Adobe is Spying on Users, Collecting Data on Their eBook Libraries
Adobe’s e-book reader sends your reading logs back to Adobe—in plain text
Adobe Digital Editions caught calling home with user logs
This is very worrying.
I used to use Digital Editions to check my ePubs when creating them for Google, but I've now swapped over to a reader called Bluefire which doesn't send information places. I also use Calibre for most things, but like to have a backup for file checking. I don't think I had any trouble actually, because I'm still on Digital Editions 1.x :), but I'm not taking the risk.
Why does it need to know what page you read when just to do DRM checks - which is what they are claiming?
and
Why is it sending all the info in plain text where anyone can read it?
Of course it is possible that it's simply really, really lazy coding and no one could be bothered to put in an if clause to check to see if the book was actually DRM enabled and add in an encryption algorythm ... but given that there seems to be overkill on the data, I'm doubting it.
I dislike DRM intensely anyway. Pirates can remove it in seconds (even I know how to do it so professional pirates can do it without blinking), so it's useless for that, so all it does is piss readers off. And it also gives sellers a hold over the reader that is just plain wrong - Amazon deleting people book libraries anyone? I don't like being told I don't actually own something I paid for when if it was on paper I would.
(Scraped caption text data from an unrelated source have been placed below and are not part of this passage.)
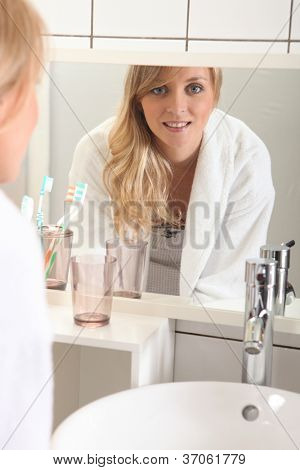 portrait of blonde in bathroom
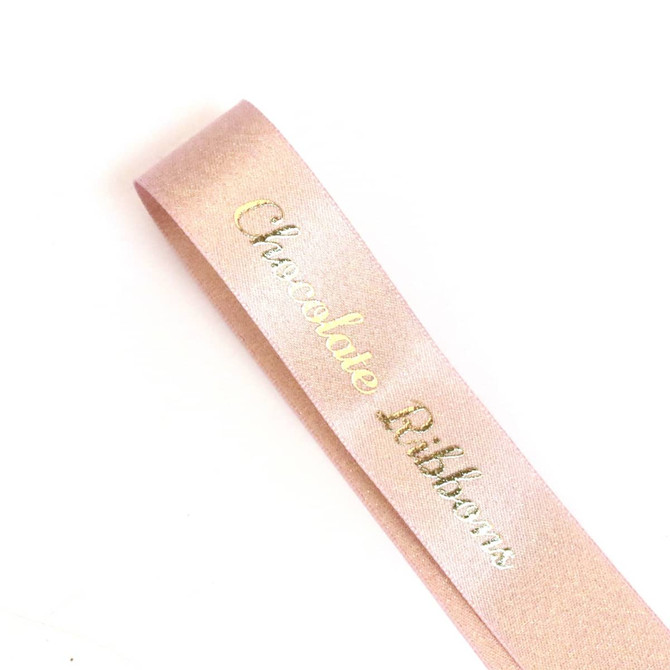 A satin ribbon in a soft pink shade with a metallic gold inscription, featuring a logo.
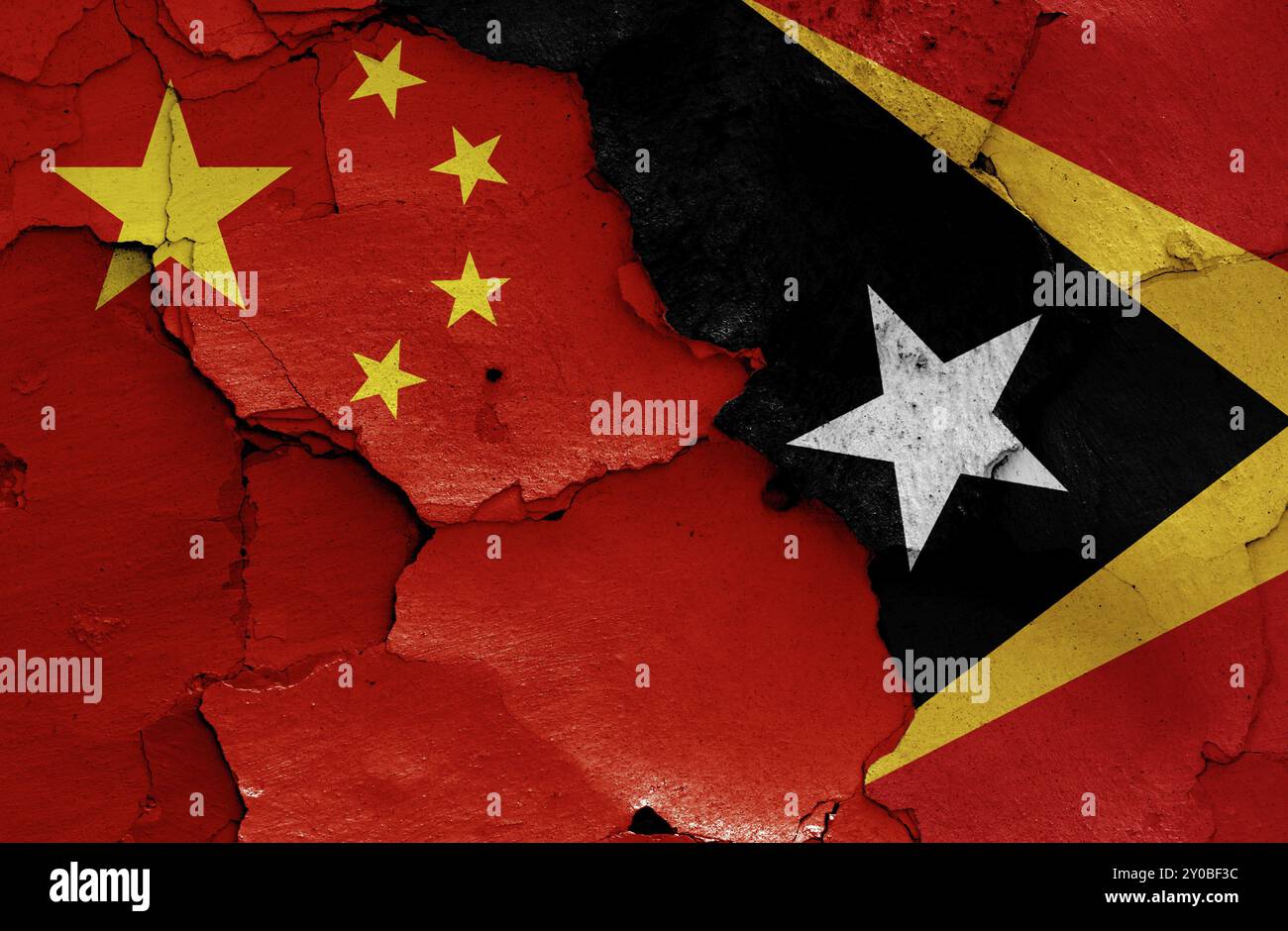 Flaggen von China und Osttimor auf rissige Wand gemalt Stockfoto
Yes you need some way to track library books, but recording what page you're reading and in what order seems very dodgy to me - how is that anything to do with, have you had this book longer than x no of days? Also, some people are reporting that if you add a false host to your host table for the server Adobe are sending to for the logs, the library lending part still works fine. Not sure how that works as all about DRM then?
The only time DRM is ever on books by Wittegen Press is if the publishing platform has added it without our permission (W.H.Smiths used to do that before they went nuts and removed all self-pub books and I think Apple do - but I've never successfully opened a book from iBooks so I wouldn't know). Sometimes we don't get a choice, but on places like Amazon and Smashwords and Google where they ask first, we make sure it isn't added.